> [Work required]:
Every line below should come back exactly as written, though the pictures stay out.

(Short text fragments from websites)
━━━━━━━━

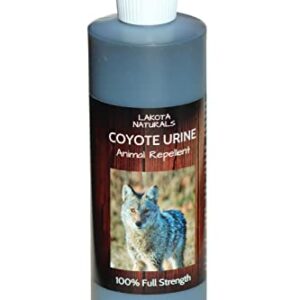 Lakota Naturals Coyote Urine All Natural Animal & Rodent Repellent - Makes It Seem Like a Coyote is Nearby!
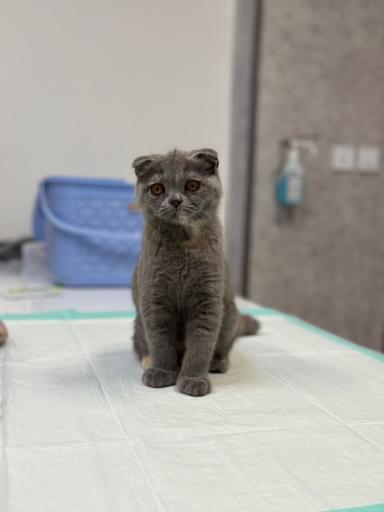 عکس کلینیک دامپزشکی ‌و پت شاپ نیک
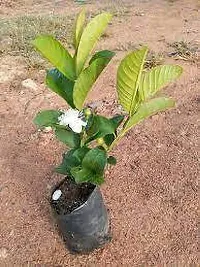 Natural Live Plant for Home Garden-thumb2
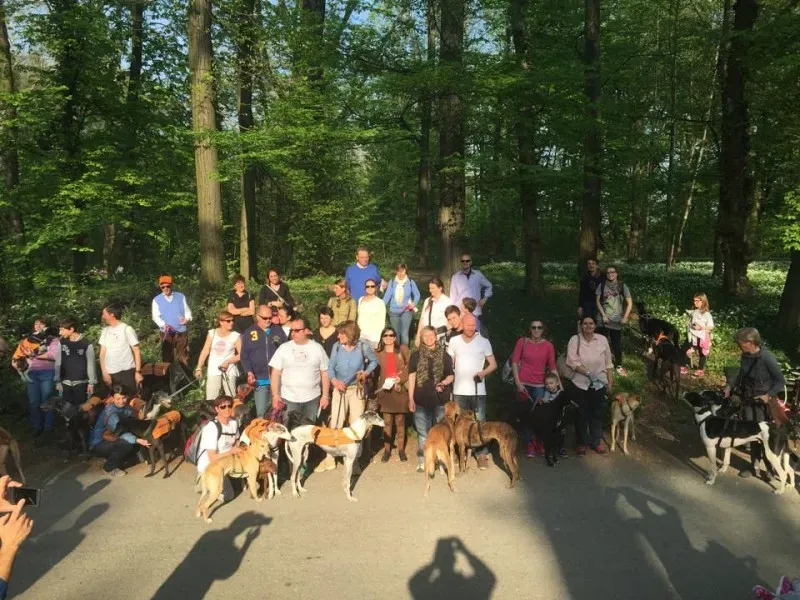 11062116 811843348899522 2518006068468951643 n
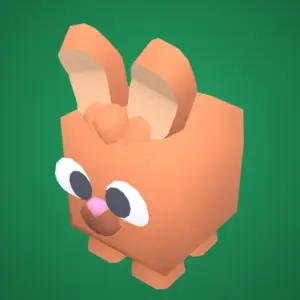 Animal Bunny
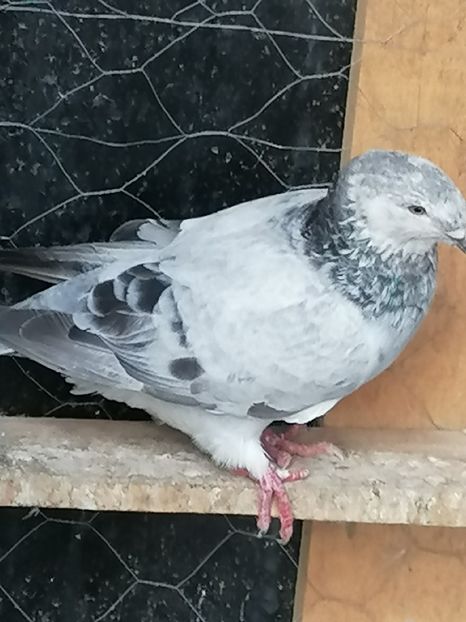  - Porumbei voiajor standard 2023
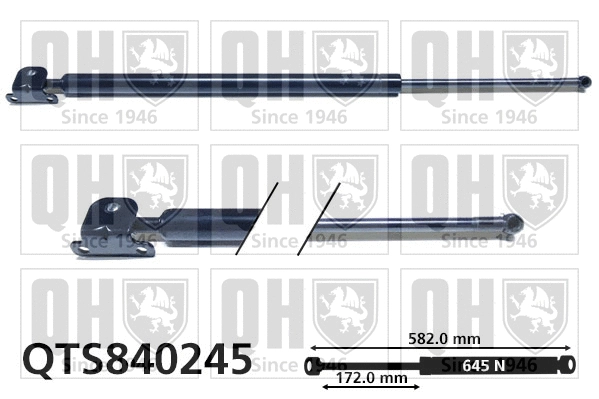 Gas Spring, boot/cargo area (QTS840245)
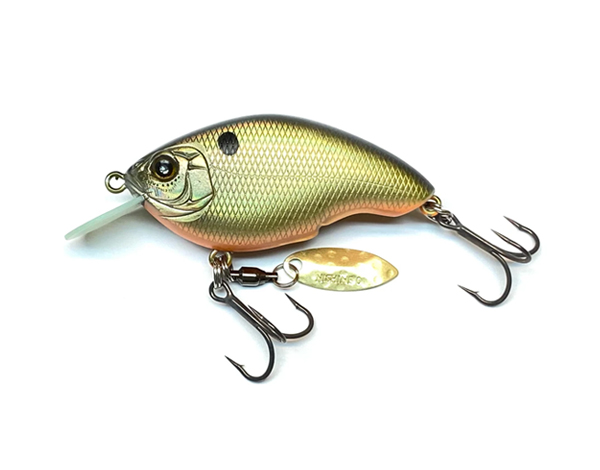 Baby Chippawa RB BL-Baby Chippawa RB BL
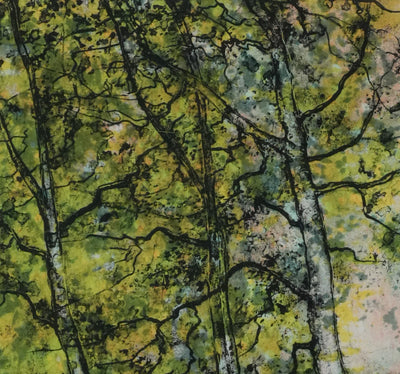 Bernard GANTNER : La forêt au printemps, Lithographie originale signée
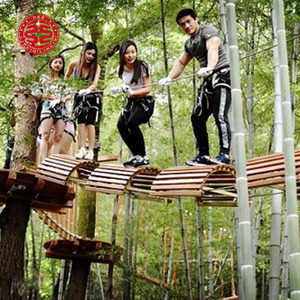 Aérienne Forêt Aventure Treetop Trekking Corde Course Expansion Série Jungle Aventure Escalade Aire De Jeux Équipement - Product Image 5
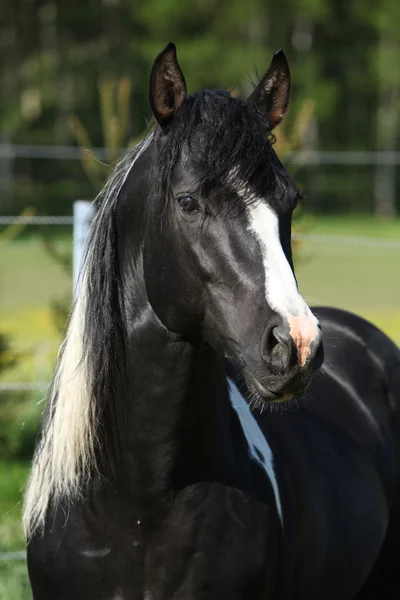 Amazing paint horse stallion looking at you — Stock Photo, Image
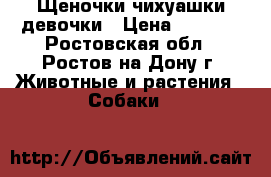 Щеночки чихуашки девочки › Цена ­ 9 500 - Ростовская обл., Ростов-на-Дону г. Животные и растения » Собаки   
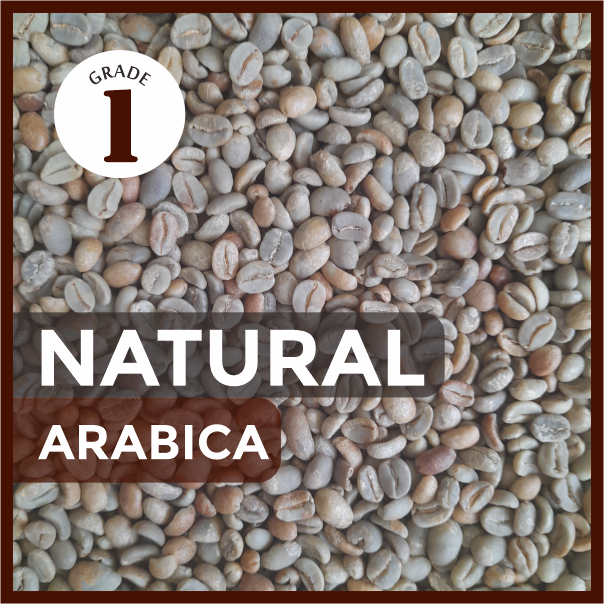 

Green Bean Arabica Natural Malabar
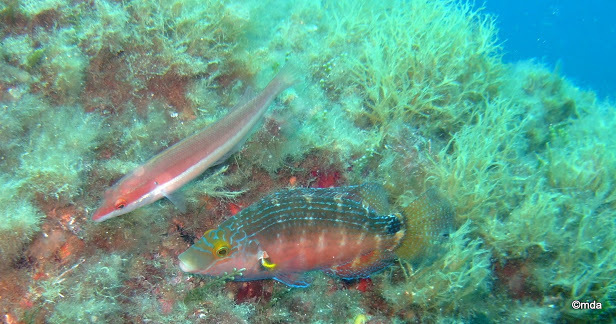 Axillary Wrasse
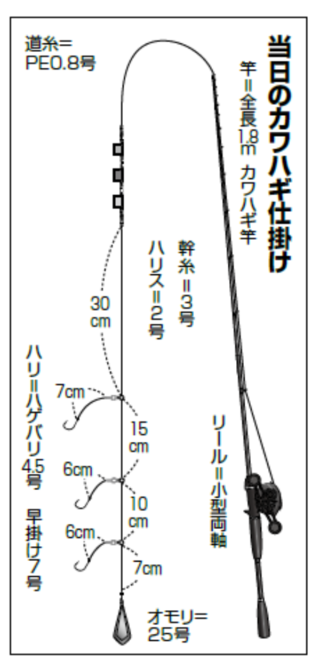 当日のカワハギ仕掛け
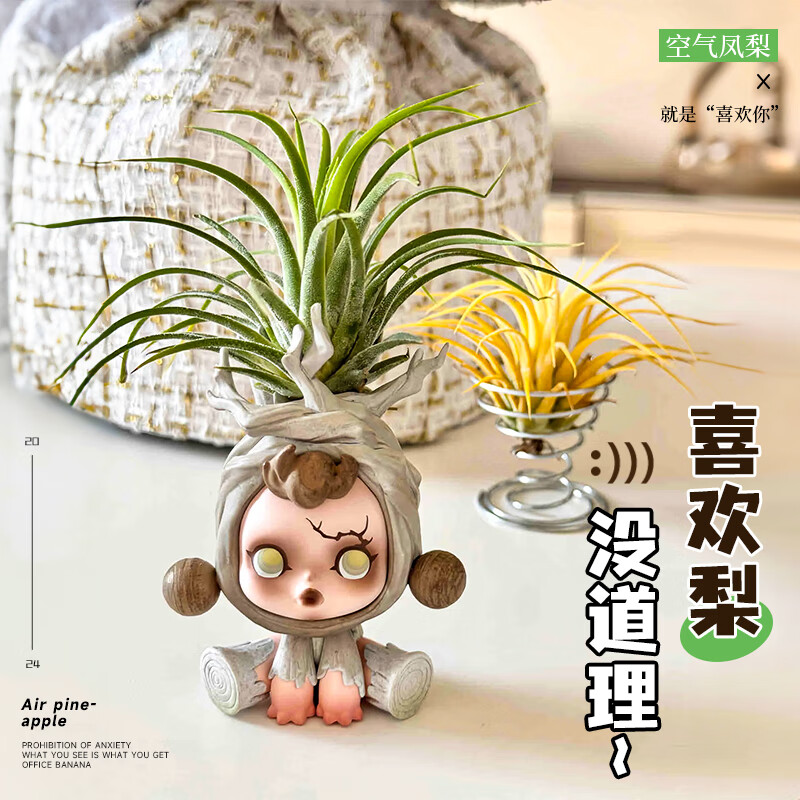 ���ſ�����������ֲ�������뾫������ڼ���λ��ֲ��������ȩ����ֲ�� ³�����̾���3-5cm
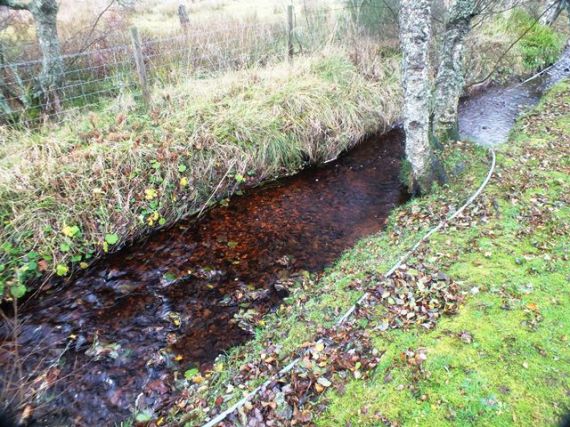 Trout redd in the Kylintra Burn near the caravan park in Grantown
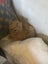 Gorgeous ginger and white and ginger kittens Carousel 13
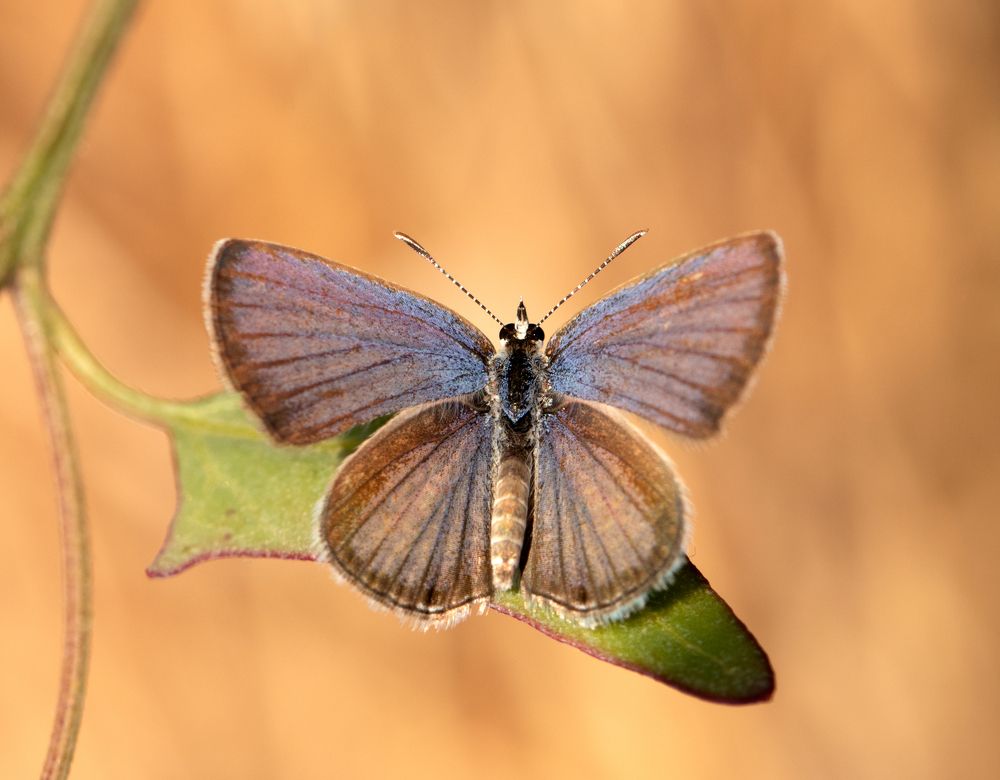 Photograph by Niyazi Nizam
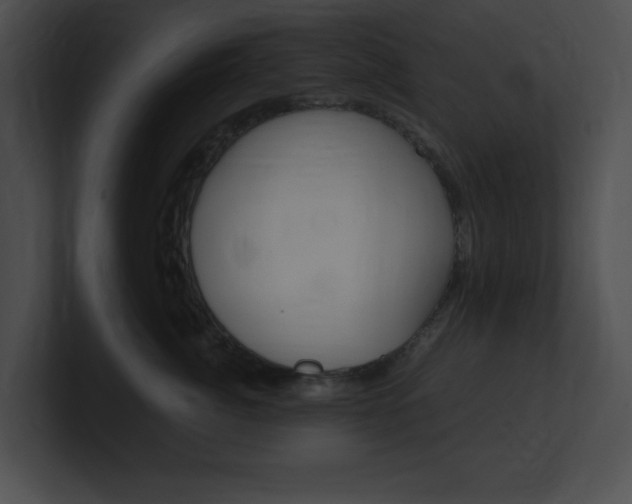 X0000101170764200806270753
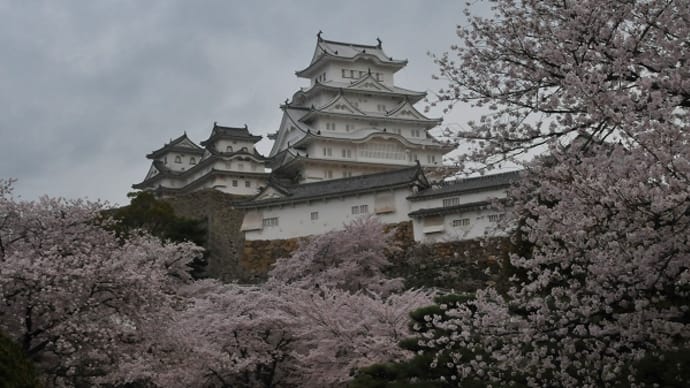 姫路城 夜桜会 2015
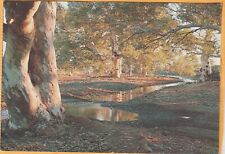 CREEK BED WILPENA POUND FLINDERS RANGES SOUTH AUSTRALIA MURRAY VIEWS POSTCARD, used for sale  Shipping to South Africa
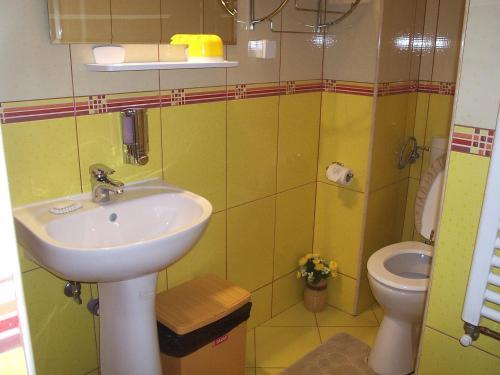 Pension Raluca - 219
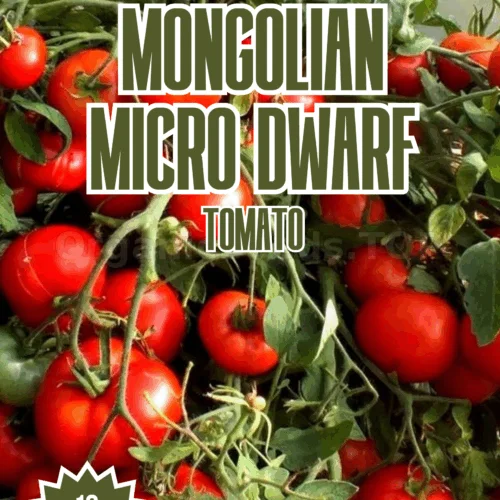 Mongolian Micro Dwarf Tomato Seeds
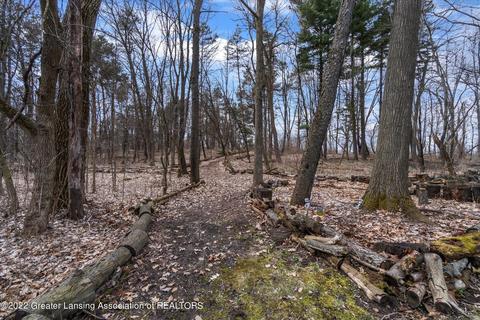 13850 G K Dr, Bath, MI 48808 photo 45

━━━━━━━━

> [Solution to the exercise]:
 Lakota Naturals Coyote Urine All Natural Animal & Rodent Repellent - Makes It Seem Like a Coyote is Nearby!
 عکس کلینیک دامپزشکی ‌و پت شاپ نیک
 Natural Live Plant for Home Garden-thumb2
 11062116 811843348899522 2518006068468951643 n
 Animal Bunny
  - Porumbei voiajor standard 2023
 Gas Spring, boot/cargo area (QTS840245)
 Baby Chippawa RB BL-Baby Chippawa RB BL
 Bernard GANTNER : La forêt au printemps, Lithographie originale signée
 Aérienne Forêt Aventure Treetop Trekking Corde Course Expansion Série Jungle Aventure Escalade Aire De Jeux Équipement - Product Image 5
 Amazing paint horse stallion looking at you — Stock Photo, Image
 Щеночки чихуашки девочки › Цена ­ 9 500 - Ростовская обл., Ростов-на-Дону г. Животные и растения » Собаки   

Green Bean Arabica Natural Malabar
 Axillary Wrasse
 当日のカワハギ仕掛け
 ���ſ�����������ֲ�������뾫������ڼ���λ��ֲ��������ȩ����ֲ�� ³�����̾���3-5cm
 Trout redd in the Kylintra Burn near the caravan park in Grantown
 Gorgeous ginger and white and ginger kittens Carousel 13
 Photograph by Niyazi Nizam
 X0000101170764200806270753
 姫路城 夜桜会 2015
 CREEK BED WILPENA POUND FLINDERS RANGES SOUTH AUSTRALIA MURRAY VIEWS POSTCARD, used for sale  Shipping to South Africa
 Pension Raluca - 219
 Mongolian Micro Dwarf Tomato Seeds
 13850 G K Dr, Bath, MI 48808 photo 45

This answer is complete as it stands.